**AIM OF THE EXERCISE**
Everything from the line containing "[David Beserra] Une" down to the last line below should be set down exactly, and only that, without the pictures.

**GIVEN INFORMATION**

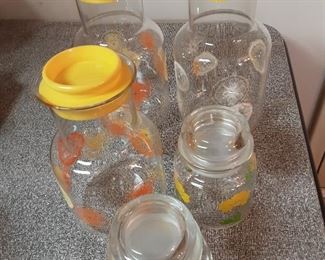Vintage Pyrex Juice Containers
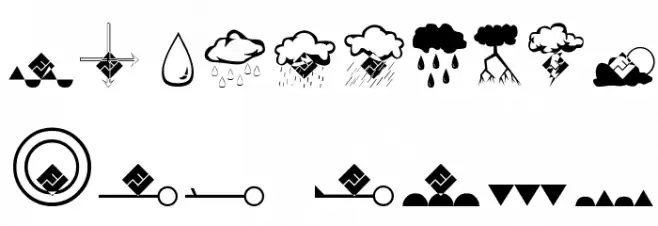 Such a Weather Normal フォント その他の文字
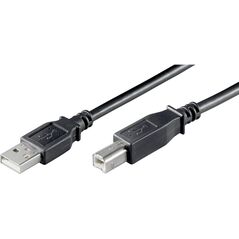 Kabel USB Eigenbrand USB-A - USB-B 3 m Czarny (68901)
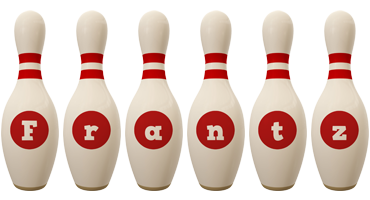 Frantz bowling-pin logo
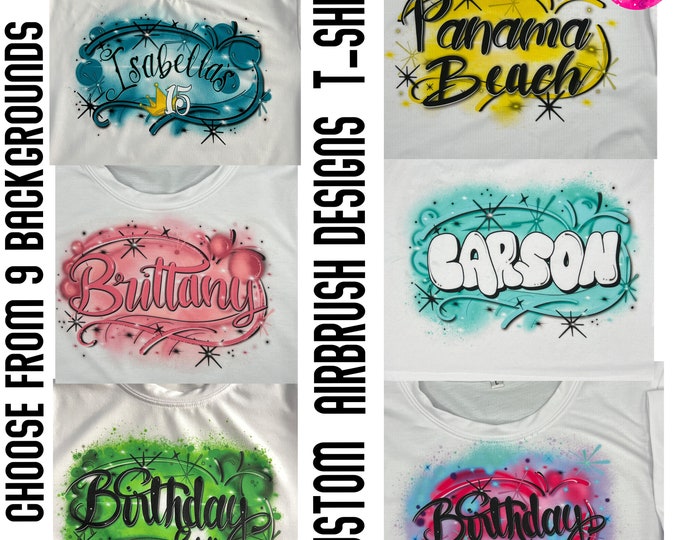 Airbrushed T-Shirt, Custom T-shirt, Retro Shirt, Graffiti Designs, Custom Airbrush T-Shirt, Airbrush png, Spray Paint, 90's Old School Shirt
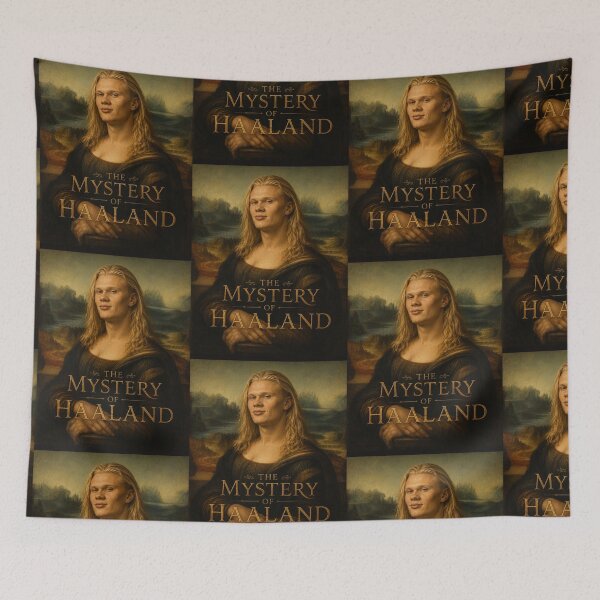 Item preview, The Mystery of Haaland | Renaissance Football Museum Parody designed and sold by Ginastle26.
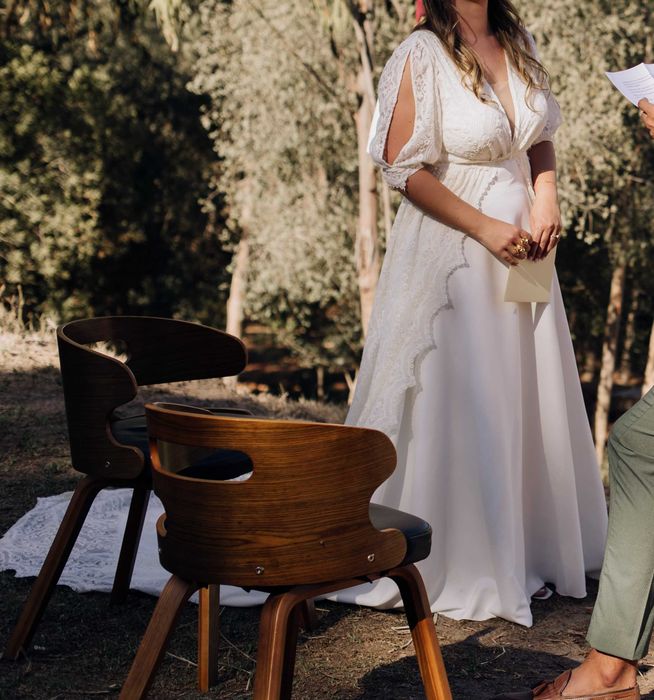 Vestido de noiva 2 em 1 - Vestido + capa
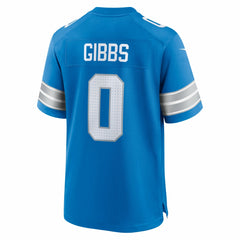 Jahmyr Gibbs Detroit Lions Game Player Jersey - Blue Jerseys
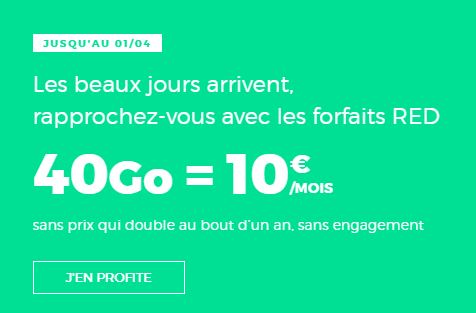 Forfait Red by SFR 40Go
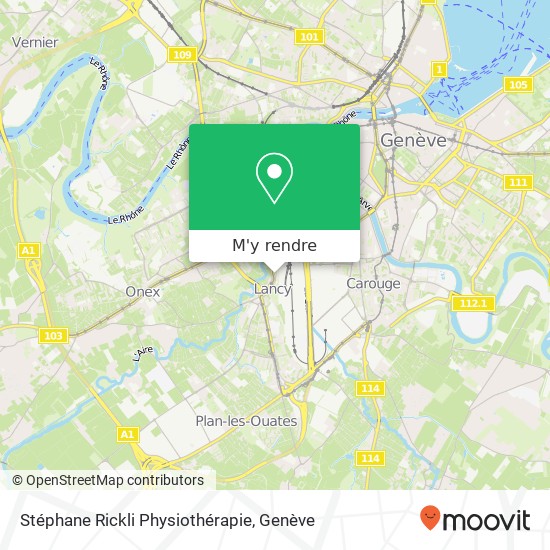 Stéphane Rickli Physiothérapie plan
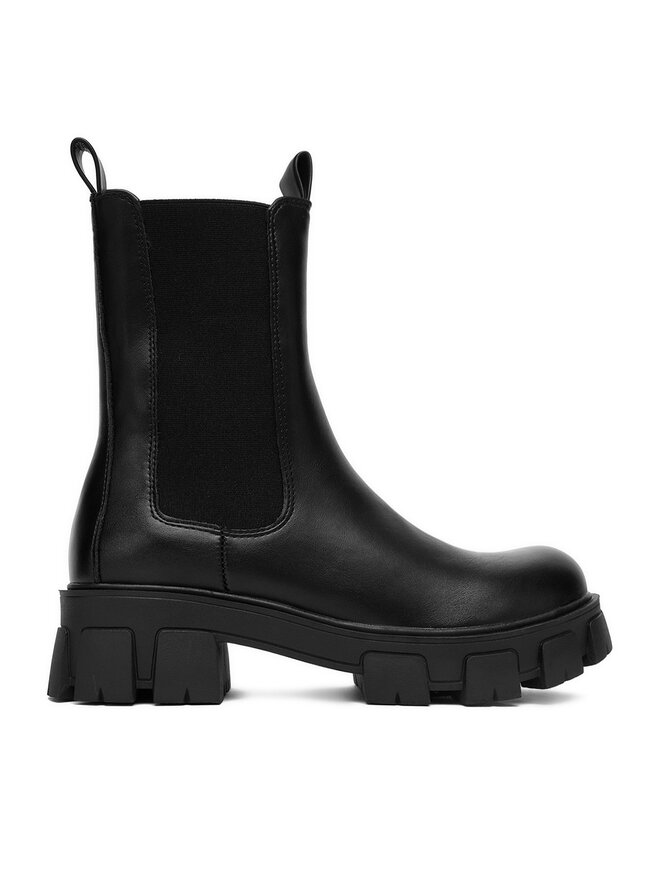 DeeZee Kotníková obuv s elastickým prvkem DeeZee 12837-22-BLACK PU Černá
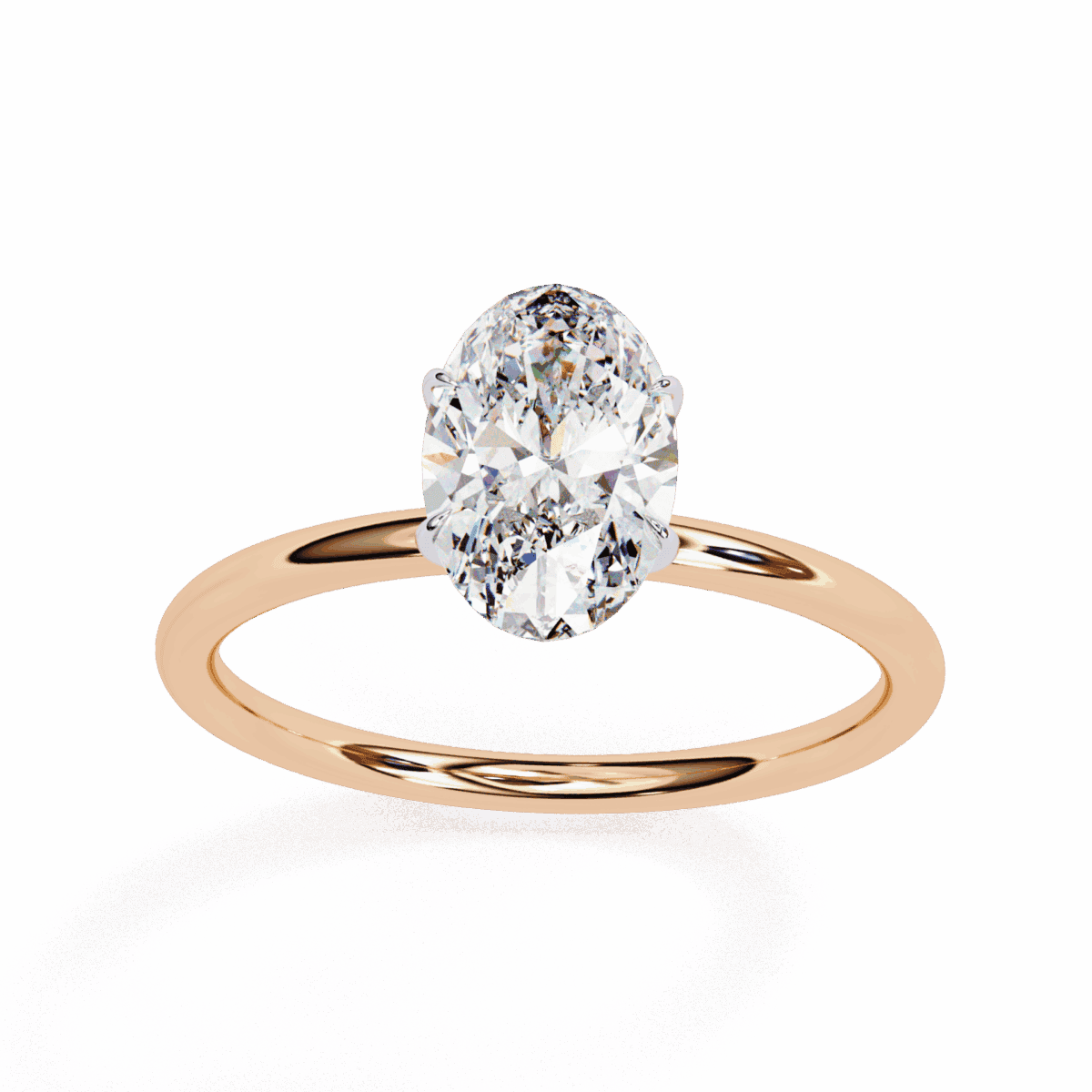 1.25 Carat Oval Cut The Classic Bond Solitaire Ring  Image 13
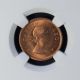 1956 South Africa 1/4 Penny Ngc Ms 65 Rd Unc Bronze Africa photo 1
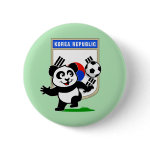 This adorable little panda is too cute! He's featured in front of a large flag from Korea and ready to play football and score some goals. This cute design is perfect for football players and soccer fans! You can totally customize this gift! Change the color, move the design around, add your own text or images -- make it your own!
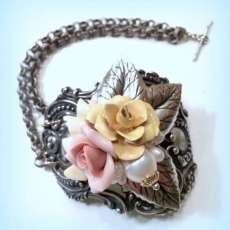 Vintage Inspired Silver bracelet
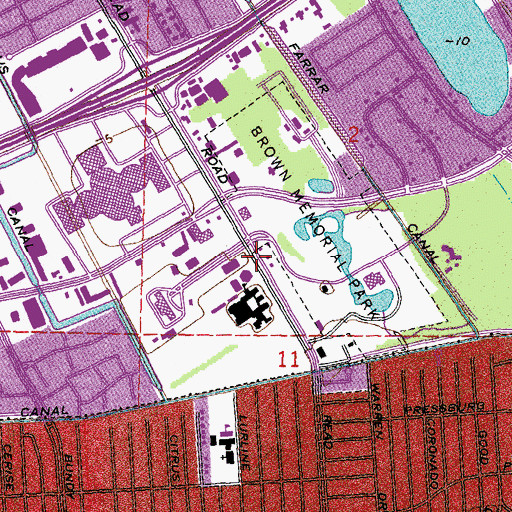 Topographic Map of Greater Saint Stephen Full Gospel Baptist Church East Location, LA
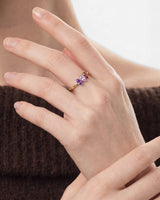 Oval Cut Multi-Stone Birthstone Ring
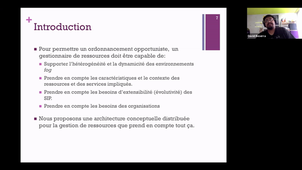 [David Beserra] Une Gestion de Ressources sensible au Contexte & opportuniste pour les Systèmes d’Information Pervasifs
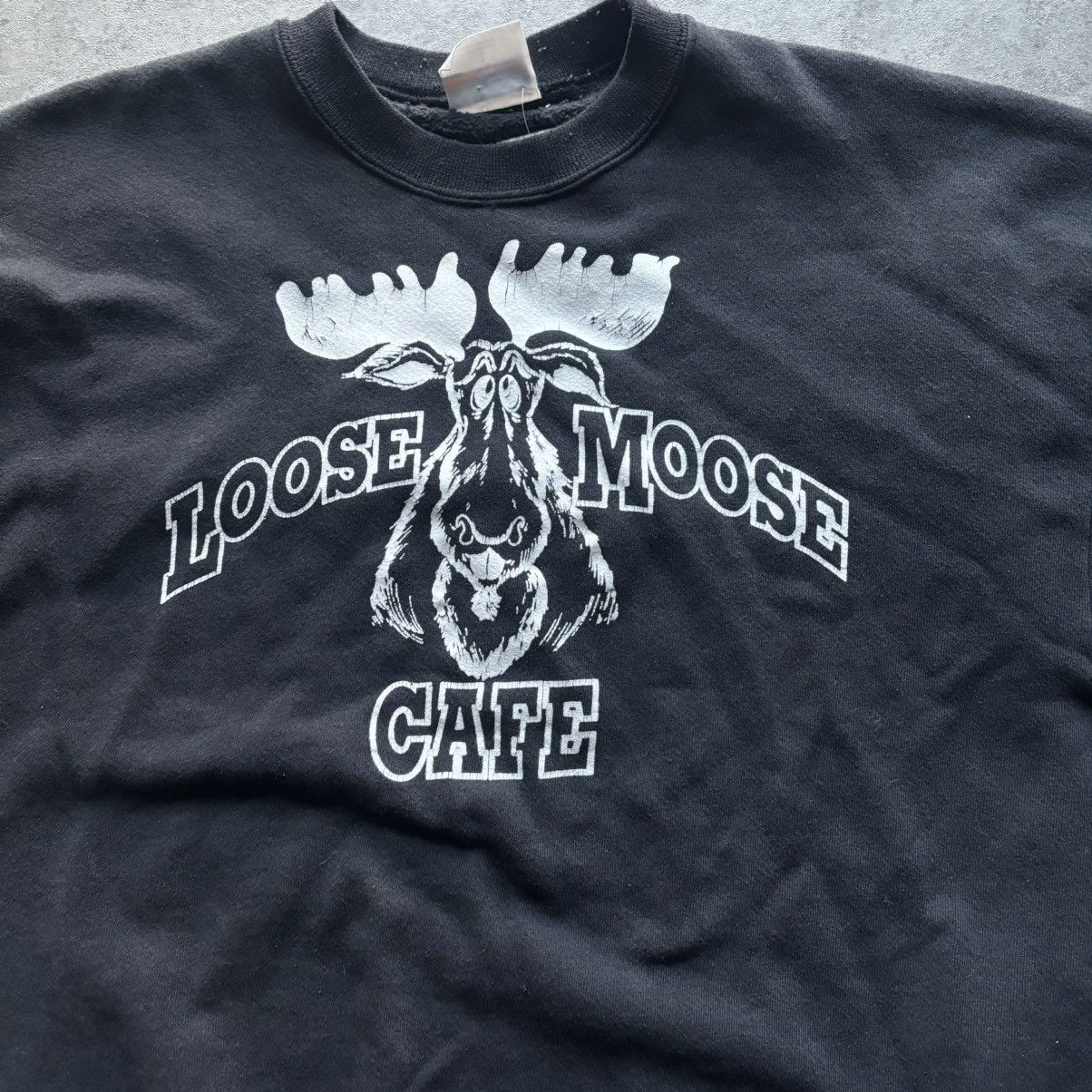 Other Vintage black loose moose cafe double sided graphiccrewneck Size US L / EU 52-54 / 3 - 3 Thumbnail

**SOLUTION TO THE PROBLEM**
 [David Beserra] Une Gestion de Ressources sensible au Contexte & opportuniste pour les Systèmes d’Information Pervasifs
 Other Vintage black loose moose cafe double sided graphiccrewneck Size US L / EU 52-54 / 3 - 3 Thumbnail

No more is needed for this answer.